To be perfectly honest, I didn’t think I’d ever love again after leaving a very abussive relationship five years ago. I had turtles my feelings; no man had a chance of breaking through the shell I hid under. That all changed a couple months ago. If you’ve been following my recent posts, you know the love story gone wrong. I had given my heart to what I thought was the one, and he ended up running.
He ran and I turtled. My walls went up just as fast as they had come down with him. He hurt me, and I wasn’t willing to put up with any of it. I was determined to move on as quickly as possible, so I hit the town and tried to distract myself. It didn’t work. I missed him so bad my body ached. I spent all day yesterday crying over the loss.

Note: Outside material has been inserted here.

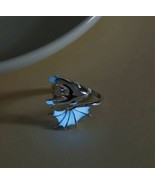 Blue and Silver Glow In The Dark dragon ring - Adjustable To Any Size - £12.44 GBP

Longish story short, I sent him a message last night. I didn’t expect a response, but I felt I owed it to myself to give him the opportunity to explain himself. This morning at 6:00am, he replied: coffee?
This is what I wanted. Him to at least see me in person and talk to me. We met and he apologized for the shitty way he handled his fears. He likes me a lot and it freaked him out. He asked for forgiveness. After telling him what I will not tolerate in a relationship and after coming to a mutual understanding, I forgave him.
Time will tell if o made the right choice, but I have to try. My heart wants him, and I think his wants me. I’m going back with my eyes a little wider, and it will take some time for me to fully trust him again. But I must be willing to help him carry his baggage because I need him to help me with mine.
So the story continues…. let’s hope this time for good.